С кофе дело немного застопорилось — никак не могли отыскать мельницу, которой в доме попа Спиры пользовались столь же часто, сколь пили кофе.
Всё же спустя некоторое время Юла принесла и подала кофе. Кофе был в меру горячим и крепким. Учитель пил да похваливал, выплёвывая плававшие на поверхности плохо промолотые зёрна.
— А где ваш кофе, господжица?
— Я не пью! Папа говорит, что кофе волнует кровь и лишает сна.
— А с молоком, пьёте?
— Да.
— А пунш?
— А гефроренес[40] кушаете?
— Да.
— А айскафе[41]?
— Нет.
— Как странно! Кто бы мог сказать? — удивляется гость, не зная, о чём бы ещё спросить Юлу.
— Ну что, прополощем ещё маленько горло? — предлагает отец Спира.
— А много ли у вас в погребе вина?

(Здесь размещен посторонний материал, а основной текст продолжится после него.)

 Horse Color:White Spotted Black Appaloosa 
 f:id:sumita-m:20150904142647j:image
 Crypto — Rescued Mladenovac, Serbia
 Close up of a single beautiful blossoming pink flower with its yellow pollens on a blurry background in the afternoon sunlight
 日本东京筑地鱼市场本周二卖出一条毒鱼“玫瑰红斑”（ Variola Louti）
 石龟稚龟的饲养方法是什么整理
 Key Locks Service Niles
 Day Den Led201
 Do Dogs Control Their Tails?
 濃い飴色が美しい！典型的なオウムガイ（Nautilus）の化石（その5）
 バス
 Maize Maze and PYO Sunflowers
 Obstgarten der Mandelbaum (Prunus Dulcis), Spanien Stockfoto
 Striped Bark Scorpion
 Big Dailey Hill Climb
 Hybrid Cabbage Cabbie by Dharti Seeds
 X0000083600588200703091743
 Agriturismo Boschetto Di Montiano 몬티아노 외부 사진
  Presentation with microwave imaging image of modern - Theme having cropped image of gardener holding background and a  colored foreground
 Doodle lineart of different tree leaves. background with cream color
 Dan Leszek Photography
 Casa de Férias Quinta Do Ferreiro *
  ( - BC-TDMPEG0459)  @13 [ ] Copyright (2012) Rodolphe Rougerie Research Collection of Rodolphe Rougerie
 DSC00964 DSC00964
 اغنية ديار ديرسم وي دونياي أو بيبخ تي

Совсем забыл спросить! — интересуется господин Пера.
— Да бочонков тридцать найдётся. Притом не моложе пяти лет и не слабее того самого, что сейчас пьём, летом. Но хранится у меня винцо, несравненное и по возрасту и по вкусу; разлито в бочонки ещё во время оно — вскоре после того, как мы с Сидой поженились. Выдержанней и лучше вряд ли где найдётся. Подобное пили разве только в древние времена на свадьбе в Кане Галилейской[42], прости меня господи!
— Это вино ,— вмешалась в разговор матушка Сида, — мой супруг решил почать, когда будем выдавать замуж нашу Юцу. Пусть на ее свадьбе насладятся. Раз уж, как говорится, давать приданое хорошее, так пускай и вино будет хорошее; если жениху досталась замечательная девушка, пусть и сватам тоже что-нибудь перепадёт… А дело ведь не за горами — не нынче-завтра… есть на примете неплохие партии; к примеру…
— А-а-а, вот вы как?! — несётся из кухни голос матушки Персы. — Поглядите-ка на них! В доме гости, а они ни гу-гу! Я-а вам задам! Нет, вы только поглядите на них!
А сейчас, дорогие читатели, представьте себе, как исказилось лицо матушки Сиды и что она испытала, когда речь её в самом начале прервал донёсшийся из кухни возглас госпожи Персы. Автор отлично сохранил всё в памяти, но перо его бессильно, не поможет ему и весь письменный прибор правильно описать это событие, вот почему он обращается за помощью к читателям, ибо всё это легче вообразить, чем описать.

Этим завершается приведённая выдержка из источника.